Soumi Duttagupta (42), Tanya Agarwal (37), and Shailaja (44) live in Gurgaon and share a close friendship. Soumi's husband used to be Tanya's boss and that's how the two of them met. Tanya and Shailaja struck up a friendship through Facebook when the former approached the latter for a photo shoot. 

Soumi has been interested in dance all her life, she says, but though she started Kathak at a very early age, she couldn't pursue it: "I went into music and I started getting trained in Hindustani vocals. Later on, when I went to Santiniketan for my higher education, I used to perform in dance programs in the festivals."  Though not formally trained, she had the opportunity to perform in various festivals like Vasantosab in Santiniketan which kept her in touch with dance during her college days.
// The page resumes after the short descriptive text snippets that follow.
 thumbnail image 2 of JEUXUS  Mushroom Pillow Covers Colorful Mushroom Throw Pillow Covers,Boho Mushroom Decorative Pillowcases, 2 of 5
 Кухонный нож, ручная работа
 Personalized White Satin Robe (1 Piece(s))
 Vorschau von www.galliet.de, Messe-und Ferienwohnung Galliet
However, after she got into a full-time job and had children, she soon found that she had no time at all to indulge her passion. Dance was long forgotten. 

"Many years later, when I had taken up a flexible working module for my kids, I thought of giving some time to myself. And then dance happened. Once I stepped in, I loved the space, the challenges, the pleasure of imbibing the style and grace of the form. And the journey has been immensely challenging," she smiles. 
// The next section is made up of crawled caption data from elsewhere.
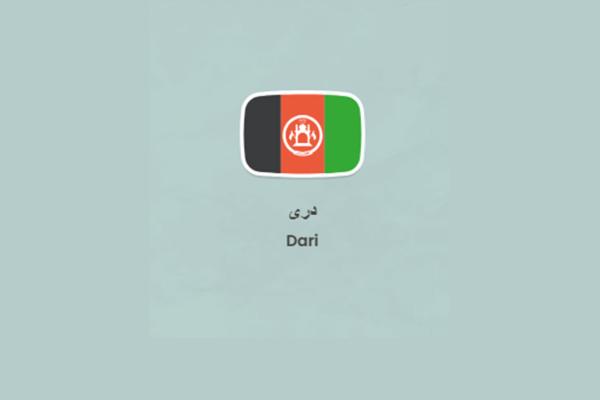 Dari language icon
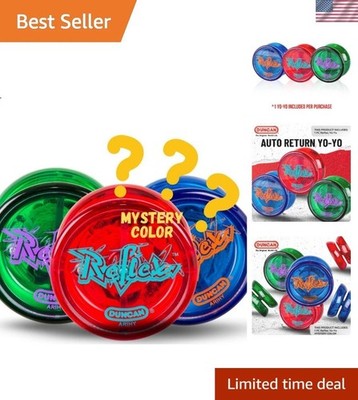 Reflex Auto Return Yo-Yo - Perfect for Beginners & Easy Tricks, Mystery Color
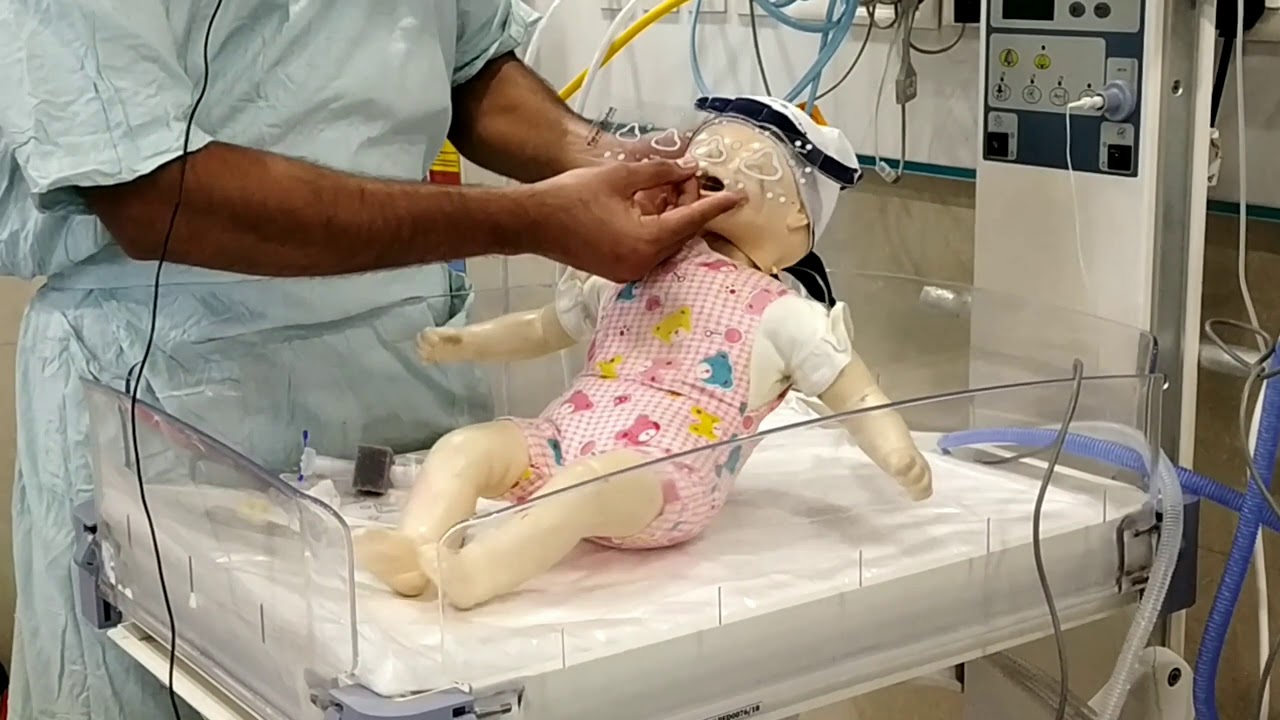 How to use CPAP machine in NICU - Hindi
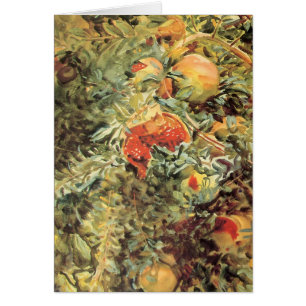 Pomegranates II by John Singer Sargent Cards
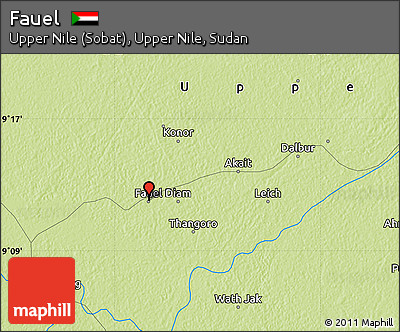 Physical Map of Fauel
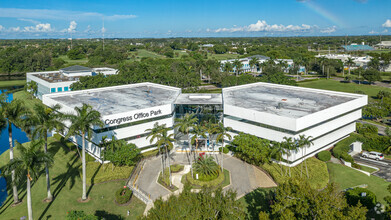 220 Congress Park Dr, Delray Beach, FL - aerial  map view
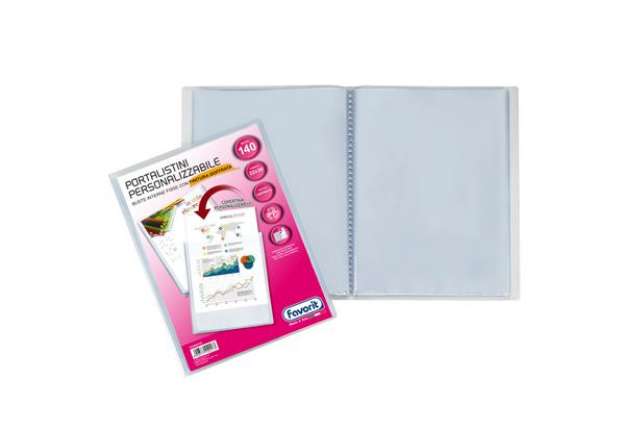 Immagine di Portalistini personalizzabile Sviluppo - buccia - 22x30 cm - 140 buste - trasparente - Favorit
Calling dance a "spiritually transforming" experience, Soumi learnt Odissi (a style she chose because of  its grace and lilt) from Sulakshna Sen, Aparna Gandhi and is currently a student of Guru Sharon Lowen, an internationally aclaimed dancer. Soumi started learning the art form when she was in her mid-thirties, wanting to explore Tagore's creation through this form. 

For Tanya, fitness was always a priority but she didn't think of taking it to a larger community till the birth of her second child.
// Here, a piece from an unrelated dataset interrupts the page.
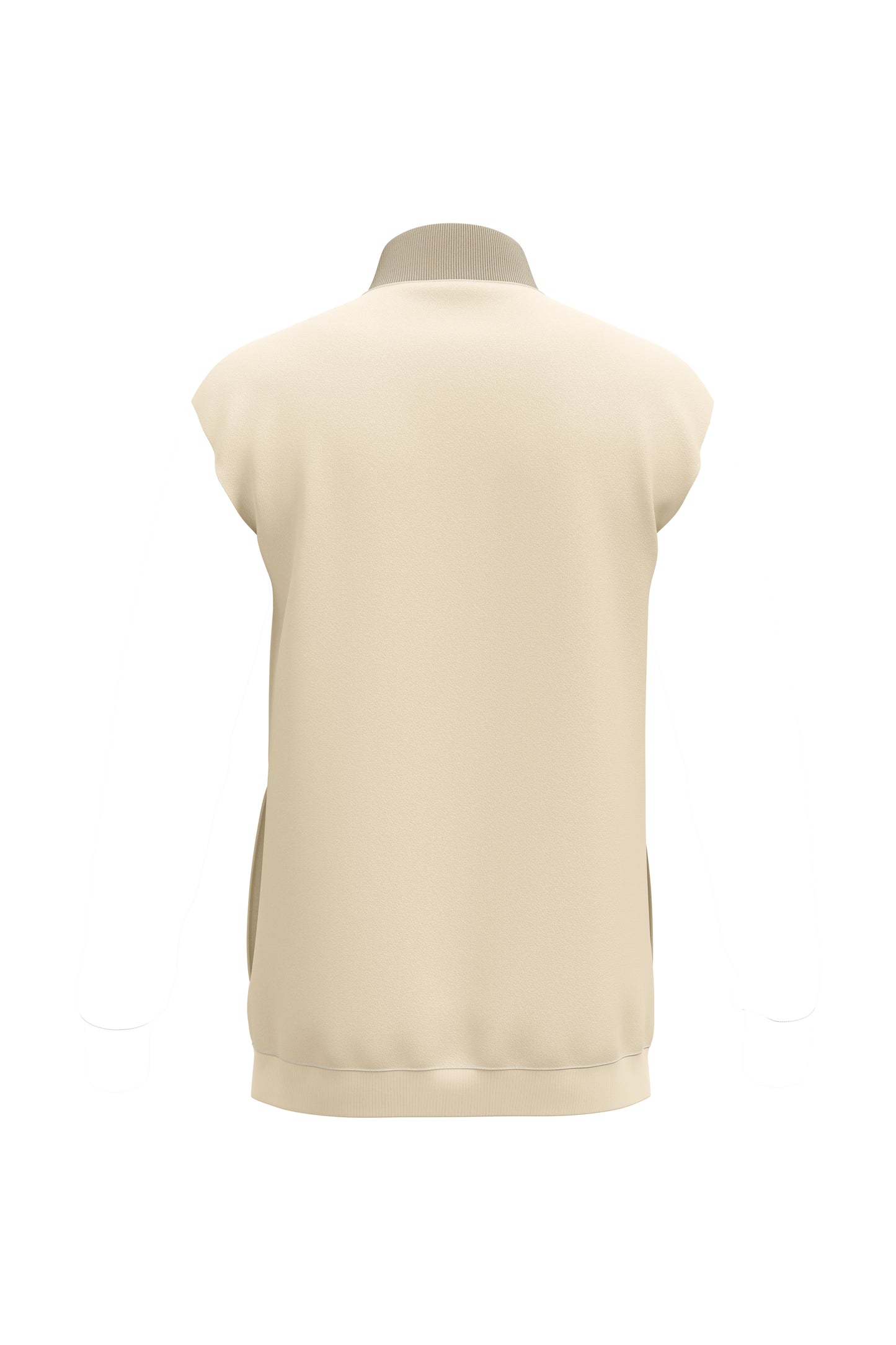 Bomy Womens Sleevless Collar jacket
"My second child's health issues drove me up the wall. I was turning into a different person whom I personally did not like. I knew I couldn’t work full time anymore. And I didn’t want to either.  It was time to make a pact with myself – let go, get depressed, cut off or gather myself, focus on my strengths, do what I am good at and still be around for my kids 24/7," she says.

That's how Tanya set up her fitness blog, combining her twin loves of writing and working out.  

Considering Shailaja visualised frames in every detail of life, it wasn't surprising that she turned to photography. "While walking down the street, at home, while reading...I could see images and always wanted to capture those," she recalls. Shailaja is also a writer. Though she herself is absent from the pictures in this series, her creativity is evident in the frames that she has captured. 

All three of them have supportive families who gave them the time and space to pursue their passions.

The idea for the photo series happened over a cup of coffee when the three friends met and caught up with their lives.

"We wanted to do it artfully through which our kinesthetic and aesthetic sensibilities could find a vent," says Tanya. 

Shot in Hauz Khas, the pictures weren't only about the three of them though.

"The sole idea was to encourage more and more number of women to stop giving up with age. They need to live and cherish each moment, each stage of life. We wanted to tell them to live life when they were still alive," says Shailaja. 

As Soumi calls it, this is their "second innings" and they're glad they have initiated it.